_DATA UNDER STUDY_.
※

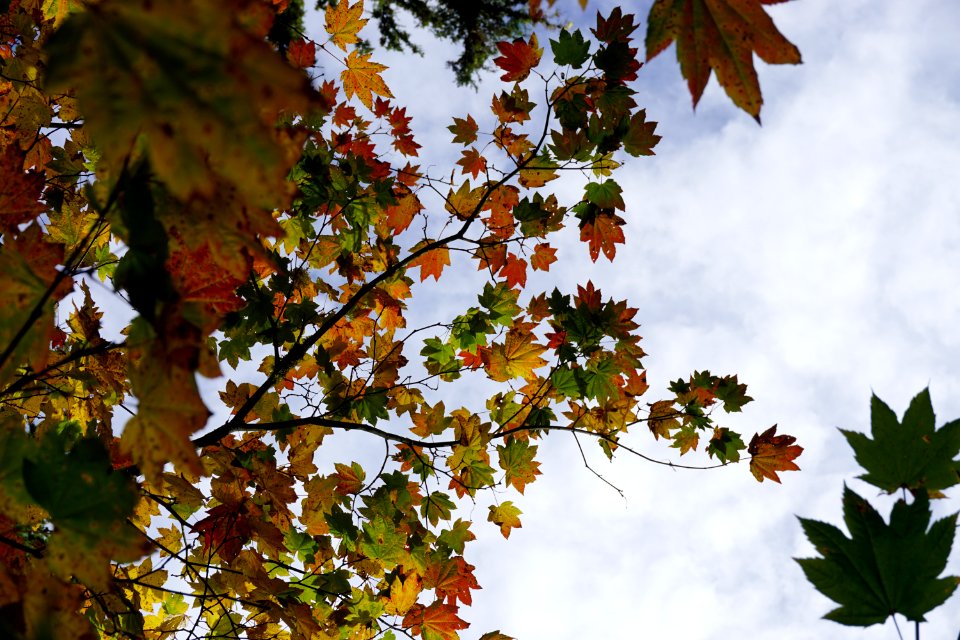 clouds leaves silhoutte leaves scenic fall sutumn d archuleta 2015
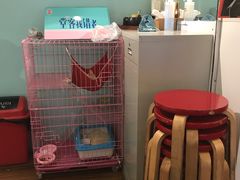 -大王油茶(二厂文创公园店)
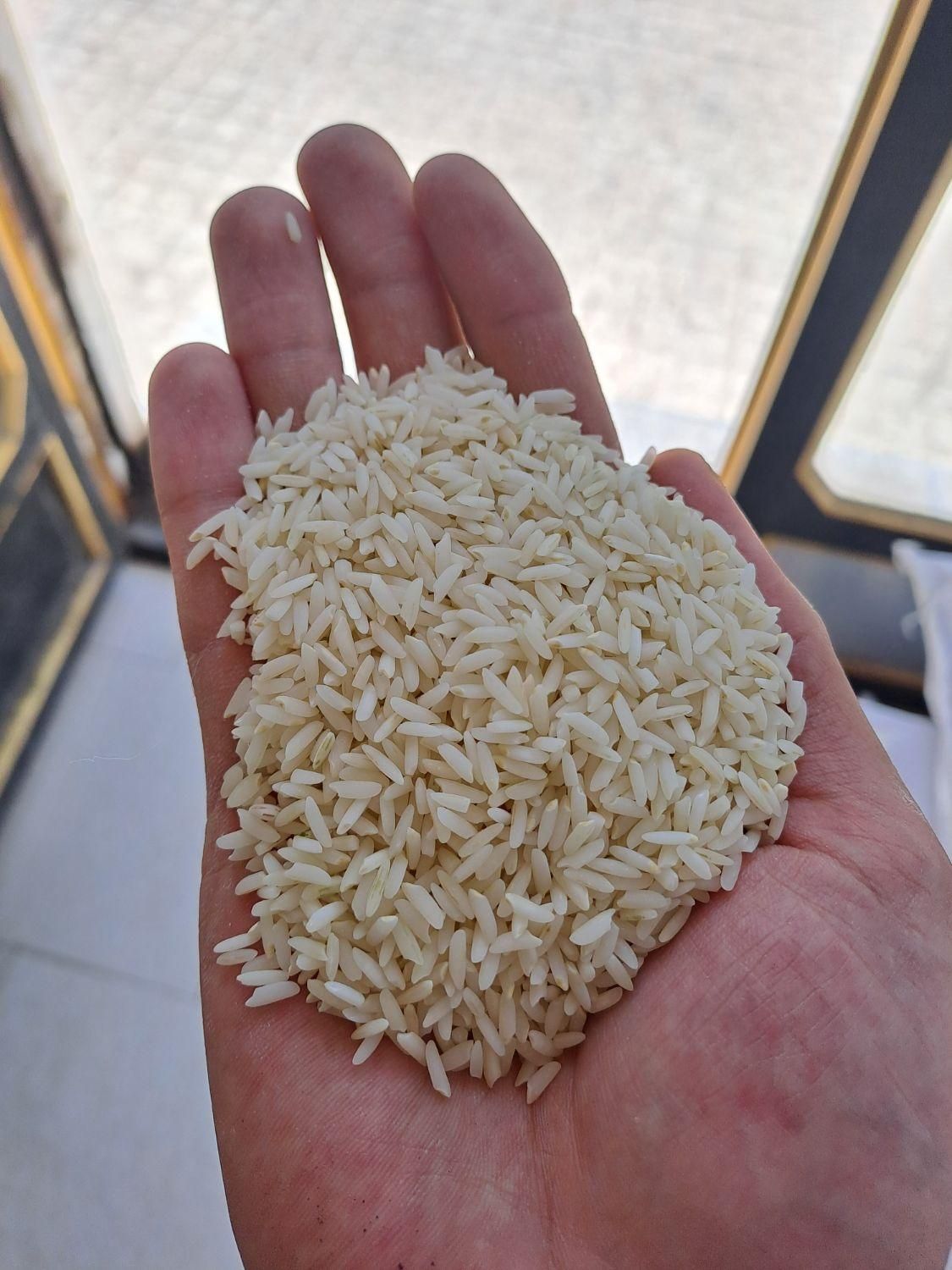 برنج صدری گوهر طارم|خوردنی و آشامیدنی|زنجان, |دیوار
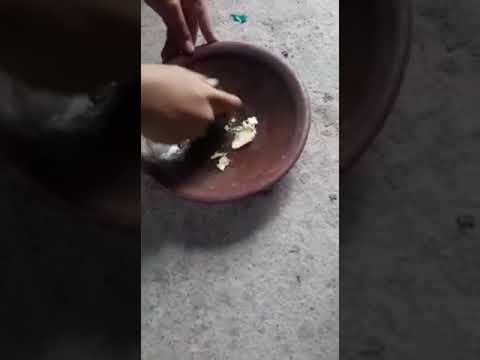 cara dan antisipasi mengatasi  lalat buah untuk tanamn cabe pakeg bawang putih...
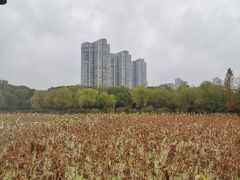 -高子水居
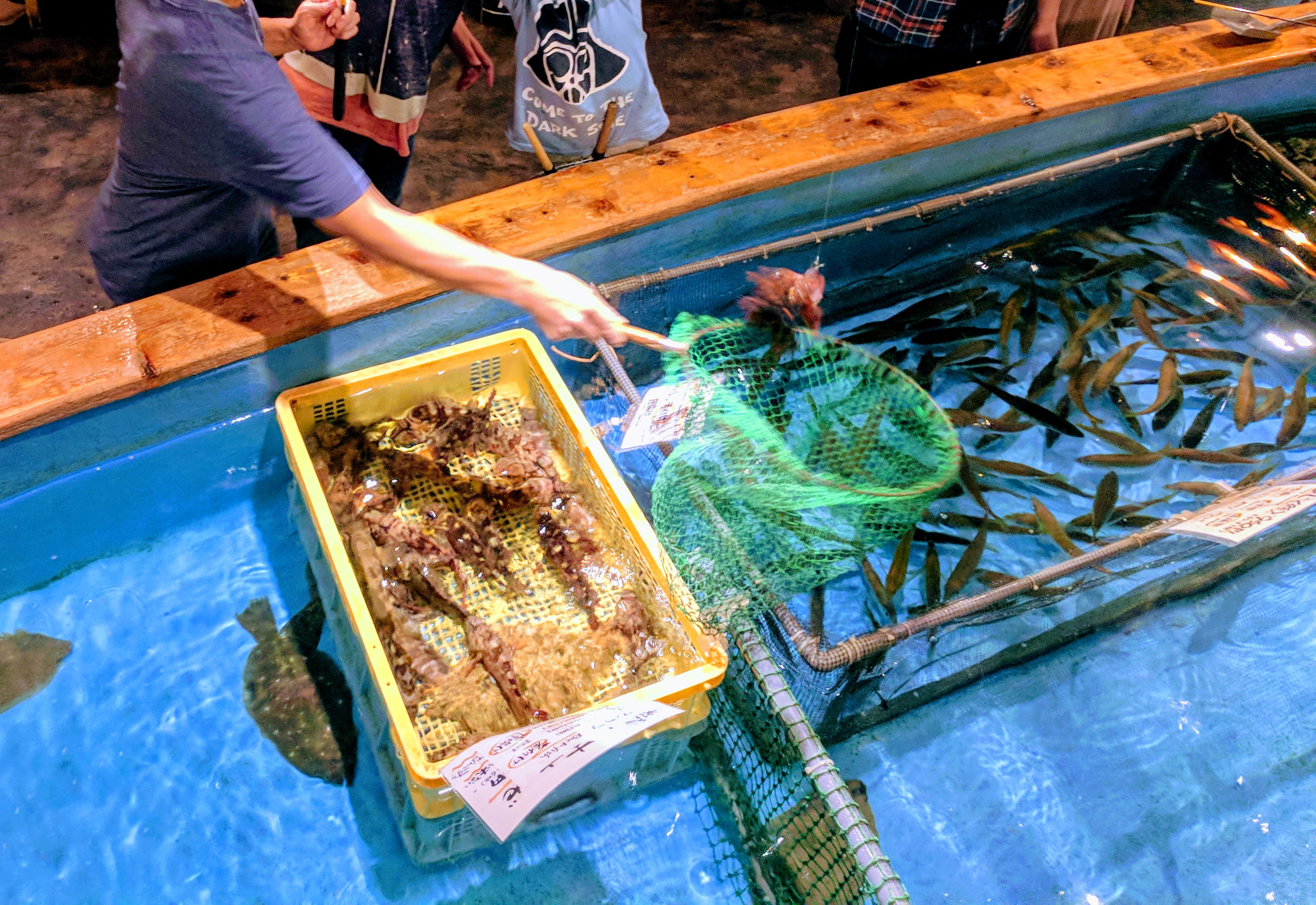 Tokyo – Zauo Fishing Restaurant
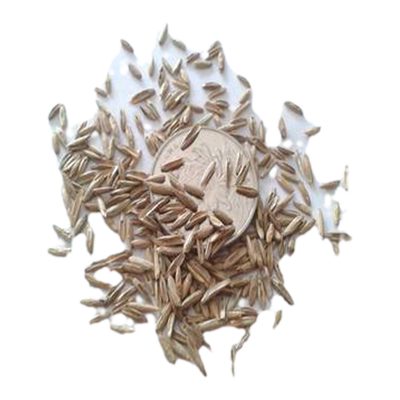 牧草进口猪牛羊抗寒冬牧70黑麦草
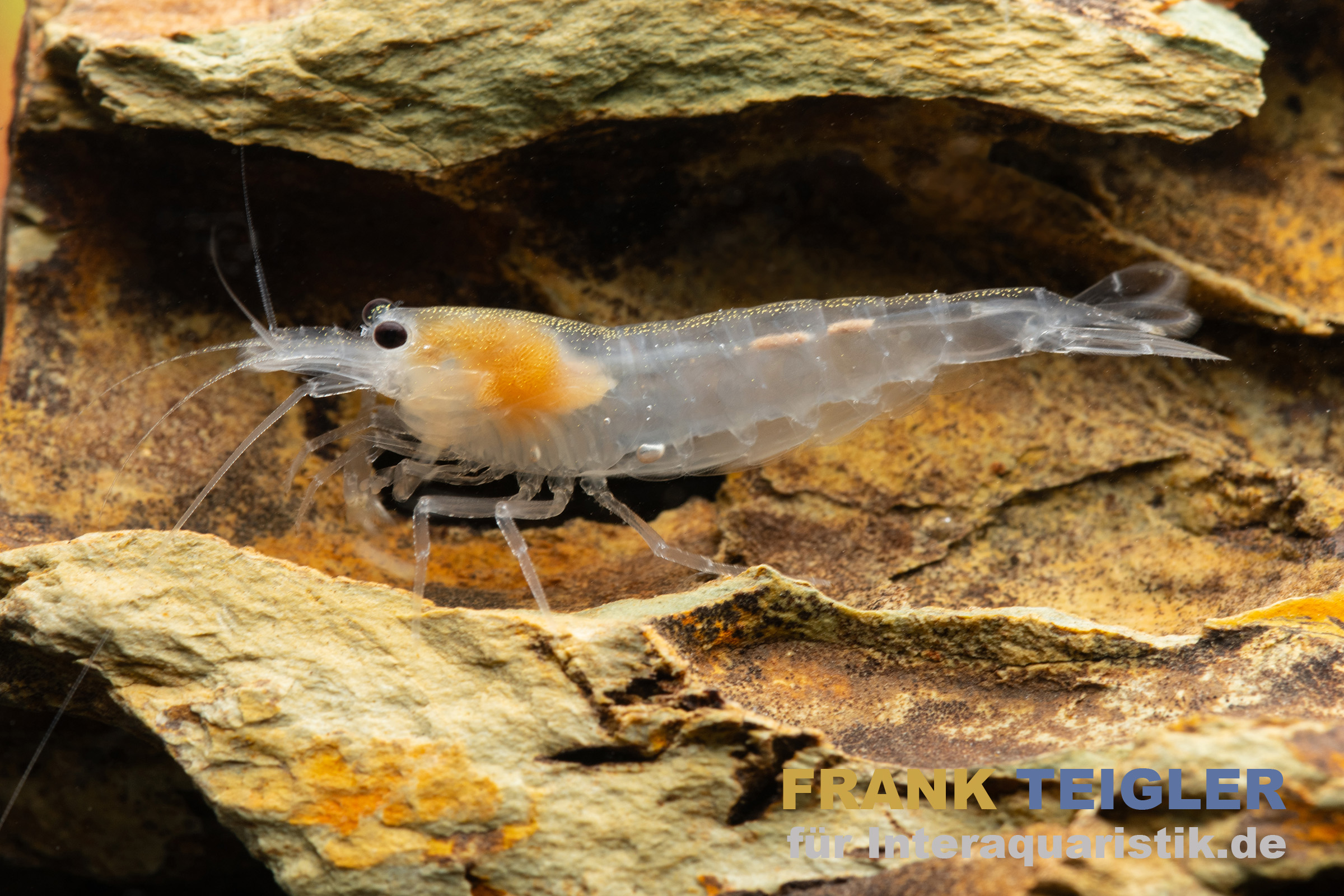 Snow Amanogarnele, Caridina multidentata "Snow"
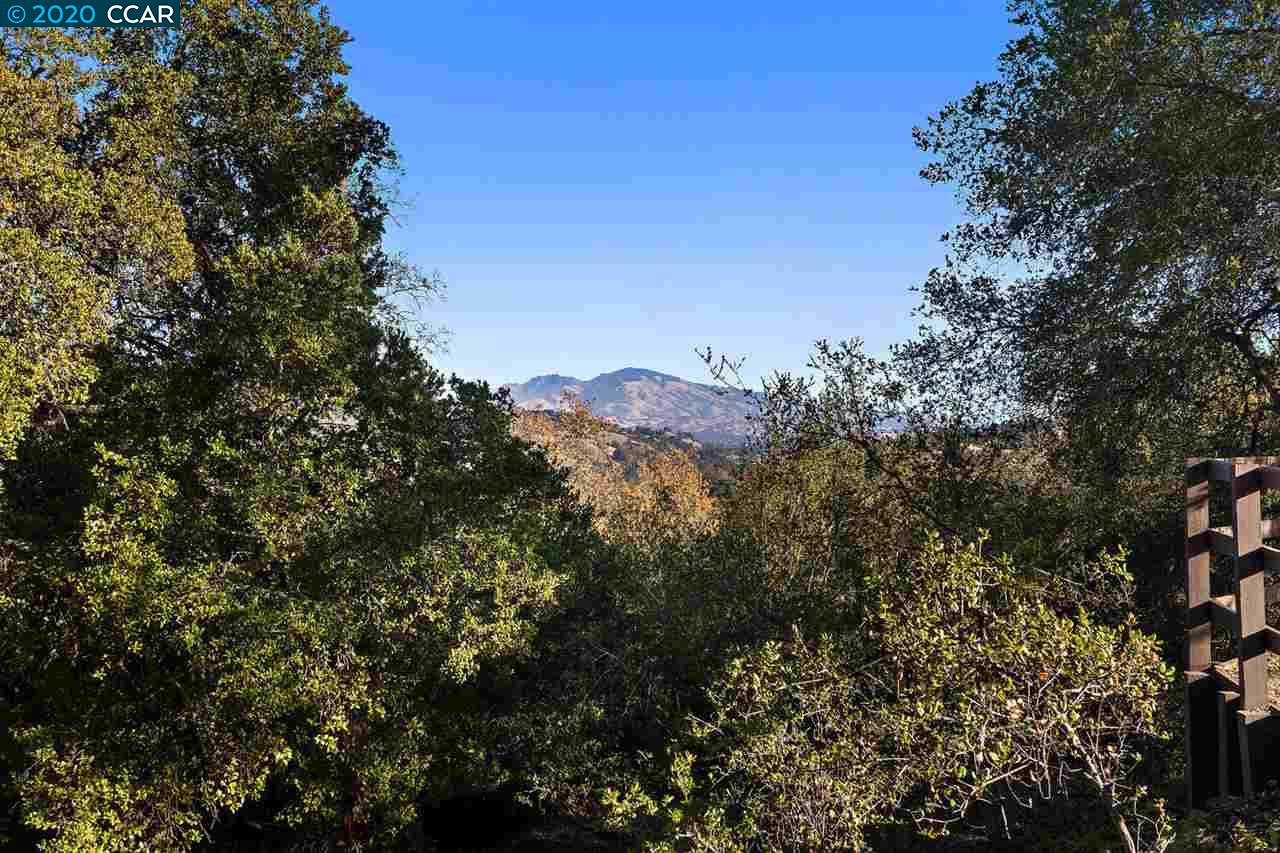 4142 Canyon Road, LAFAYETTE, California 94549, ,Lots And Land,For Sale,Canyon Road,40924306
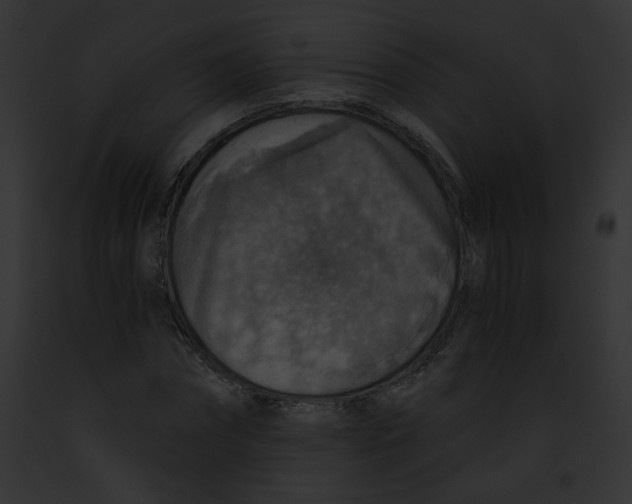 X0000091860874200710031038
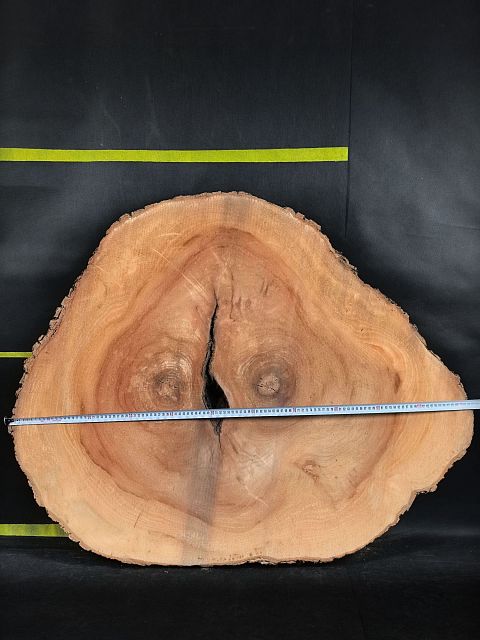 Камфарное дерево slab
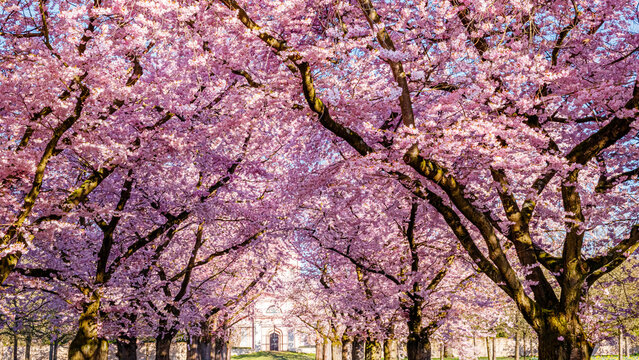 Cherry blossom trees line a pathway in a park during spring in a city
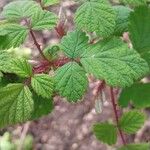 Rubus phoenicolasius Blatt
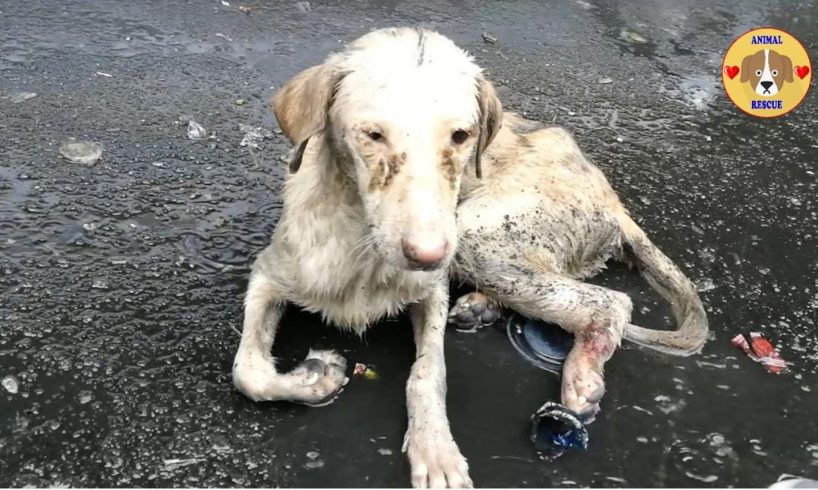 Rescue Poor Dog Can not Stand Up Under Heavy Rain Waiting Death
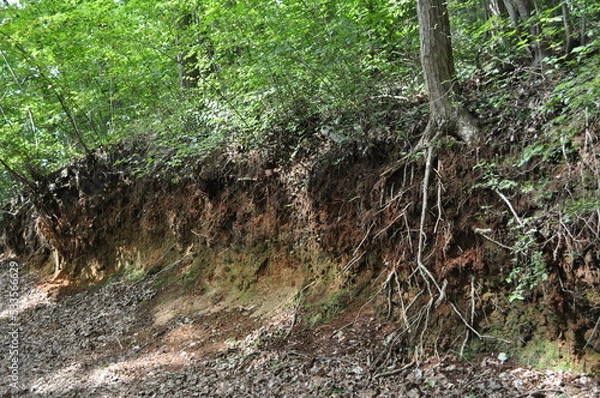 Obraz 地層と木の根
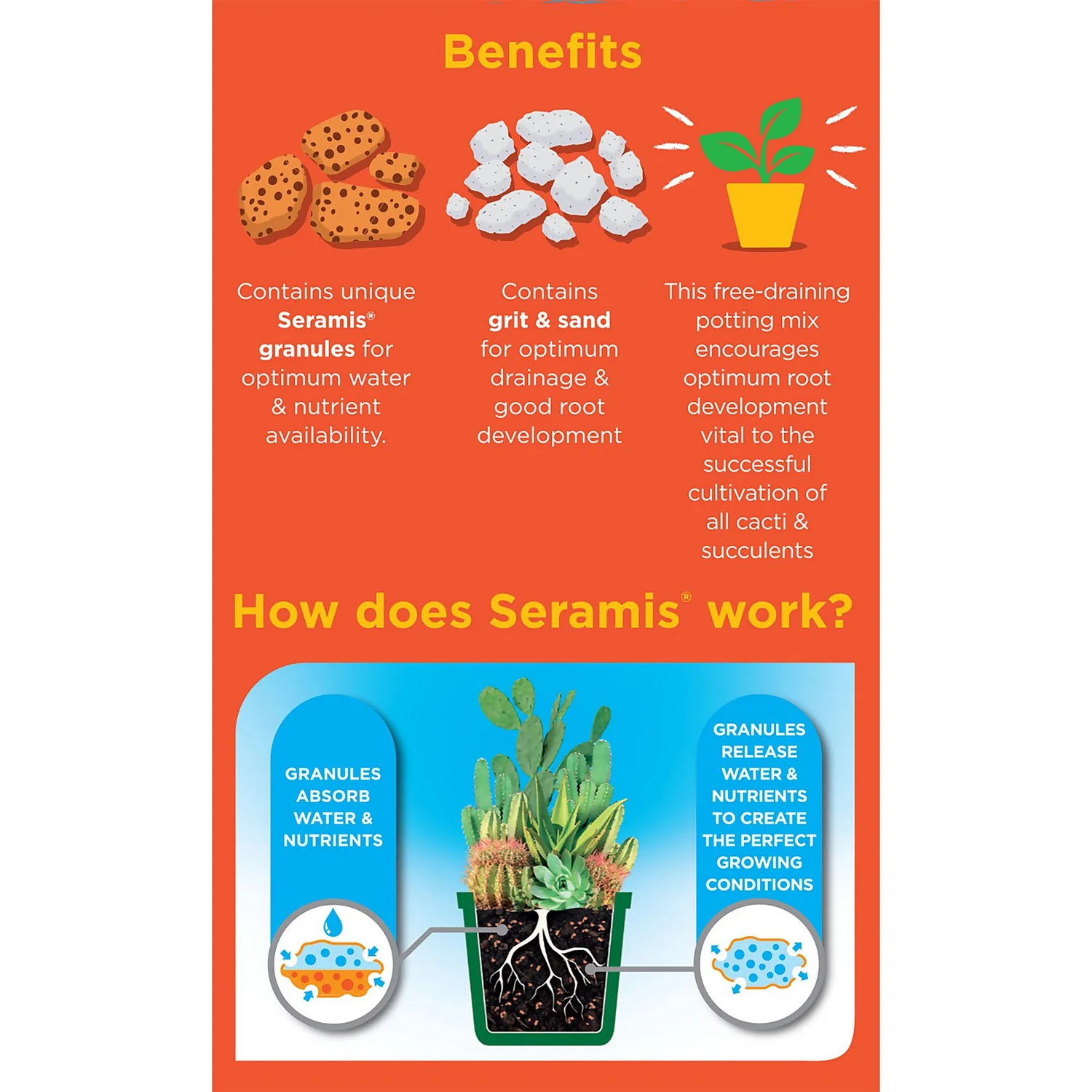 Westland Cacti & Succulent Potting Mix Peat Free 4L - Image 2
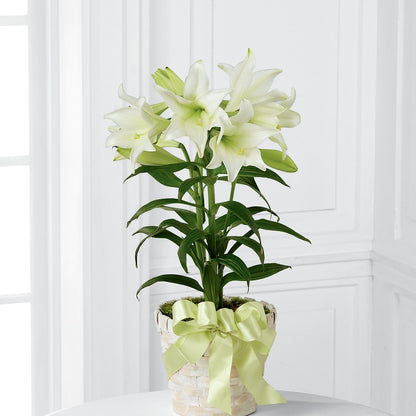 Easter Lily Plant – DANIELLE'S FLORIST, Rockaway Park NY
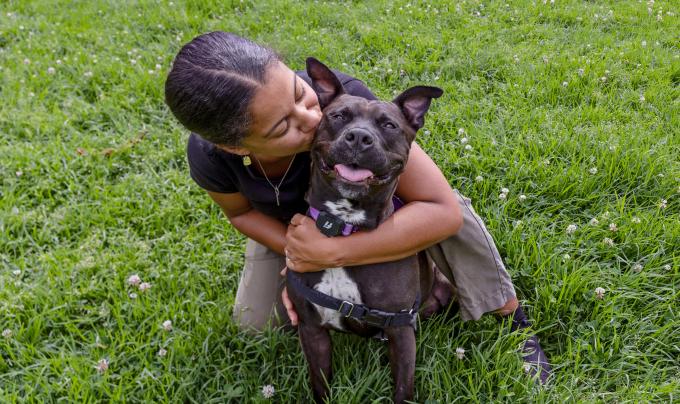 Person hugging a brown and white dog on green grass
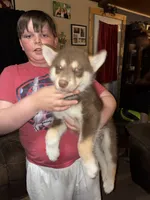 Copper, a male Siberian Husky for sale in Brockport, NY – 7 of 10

※

_TASK PROMPT_. Which lines run from the one containing "cara dan antisipasi" to the end of the entries above? Write them out exactly, leaving out every picture.

_OUTPUT BELOW_.
 cara dan antisipasi mengatasi  lalat buah untuk tanamn cabe pakeg bawang putih...
 -高子水居
 Tokyo – Zauo Fishing Restaurant
 牧草进口猪牛羊抗寒冬牧70黑麦草
 Snow Amanogarnele, Caridina multidentata "Snow"
 4142 Canyon Road, LAFAYETTE, California 94549, ,Lots And Land,For Sale,Canyon Road,40924306
 X0000091860874200710031038
 Камфарное дерево slab
 Cherry blossom trees line a pathway in a park during spring in a city
 Rubus phoenicolasius Blatt
 Rescue Poor Dog Can not Stand Up Under Heavy Rain Waiting Death
 Obraz 地層と木の根
 Westland Cacti & Succulent Potting Mix Peat Free 4L - Image 2
 Easter Lily Plant – DANIELLE'S FLORIST, Rockaway Park NY
 Person hugging a brown and white dog on green grass
 Copper, a male Siberian Husky for sale in Brockport, NY – 7 of 10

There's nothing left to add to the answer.